What You Need to Know
- At least some of the new, young investors are momentum-driven and prone to speculation.
- Advisors must incorporate this new demographic into how they think about the markets.
- Investors are going to be best-served if they have a value mindset, Liz Ann Sonders says.
The financial services industry finally seems to be attracting droves of young investors, but now the challenge for advisors is to help educate them, according to Liz Ann Sonders, chief investment strategist at Charles Schwab.
Sonders and many others had wondered if the industry was “ever going to entice younger people into the market, into investing, especially given the pains endured during the financial crisis” of 2007-2008, she said Tuesday during the online Hedgeye Investing Summit presentation “Scarring & Euphoria: U.S. Economy Enters ‘Creative Destruction’ Phase.”
The challenge now is to “transition that cohort from being in some cases momentum-driven, speculators without a lot of sort of fundamental underpinnings into more educated, longer-term investors without a calamity having to happen in the interim,” she said during an interview with Keith McCullough, CEO and founder of Hedgeye.

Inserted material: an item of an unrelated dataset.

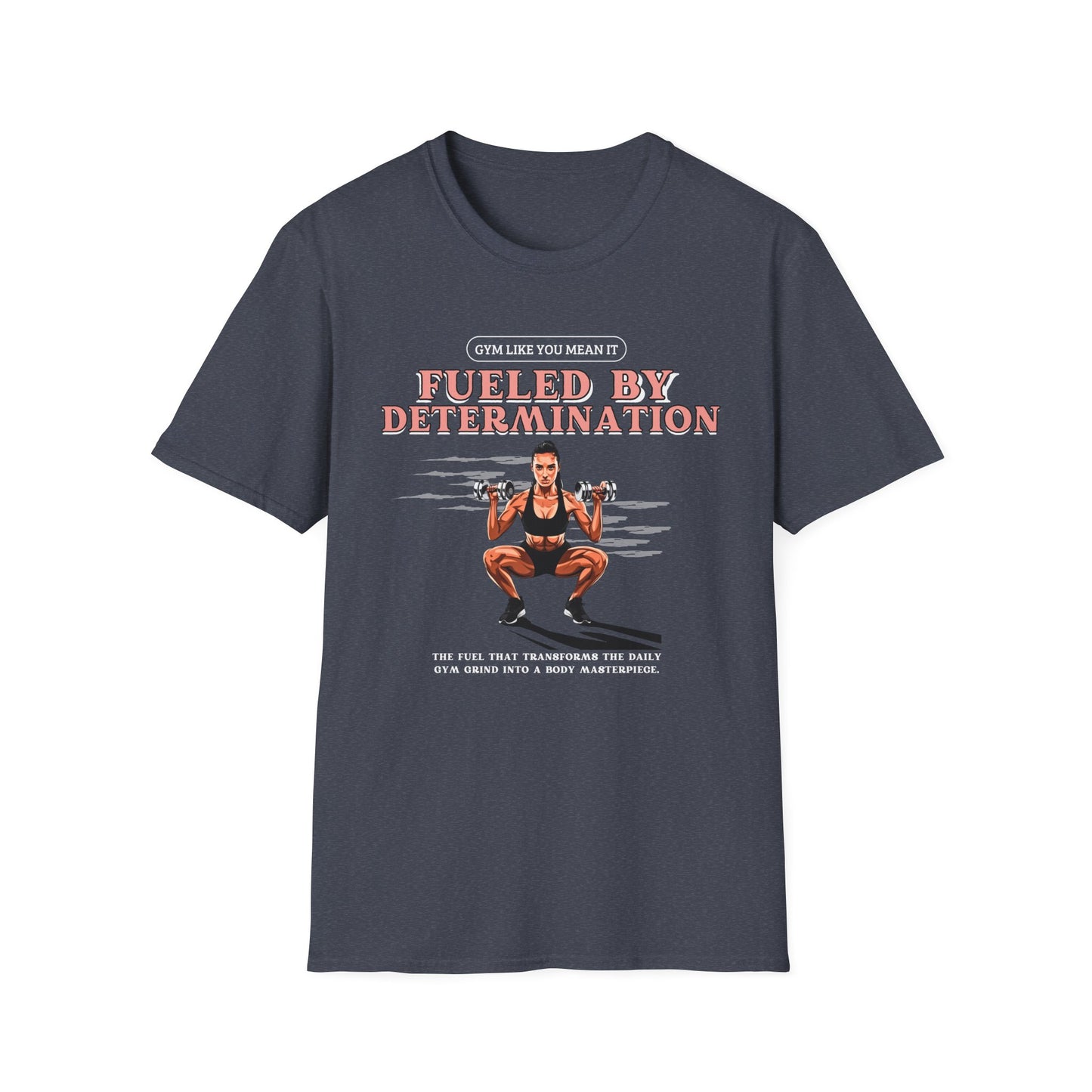Fueled By Determination Gym T-Shirt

Her comments came only a few days after Peter Crawford, Schwab’s chief financial officer, said the company saw a significant rise in new brokerage accounts in February — driven largely by a huge increase in trading influenced by social media.

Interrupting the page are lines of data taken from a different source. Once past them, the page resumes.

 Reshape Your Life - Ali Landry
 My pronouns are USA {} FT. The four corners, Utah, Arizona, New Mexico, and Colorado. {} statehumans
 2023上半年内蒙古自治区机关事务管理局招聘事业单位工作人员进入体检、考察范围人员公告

The market took an unexpected turn last month, when “flash mobs started to move into more speculative, less quality-driven segments of the market,” including “heavily shorted stocks or non-profitable tech companies,” penny stocks and special purpose acquisition companies (SPACs), Sonders noted Tuesday.
Moving the stocks — of which GameStop was the “poster child” — were not just the hedge funds that were shorting the stocks but those “flash mobs of newly minted retail traders that have become an unbelievable force to be reckoned with,” she said.
“They’re being fueled by social media … and have gotten burned in many ways,” she pointed out. “But there’s no question that we have to incorporate that new cohort in the way we think about markets,” she said, noting the hedge funds have already been “forced to do that.”
Value vs. Growth
“I think this will be a value-driven market,” Sonders also said Tuesday. “I think investors will be best-served by having a bit of a value mindset.”
But she explained: “That doesn’t necessarily mean put blinders on, look at a value index and say ‘ok, I need to be in whatever the dominant segments are.’”
After all, an investor who did that over the past year may have just bought the kinds of stocks that were traditionally viewed as “value” stocks, including the utilities and telecom stocks, in indexes that did not perform well, she explained. Lower-value growth companies were where the value actually was, she noted.
Since November, meanwhile, we’ve seen “growth and inflation accelerating at the same time,” according to McCullough, who predicted more of the same. There is no data indicating that isn’t happening, he said.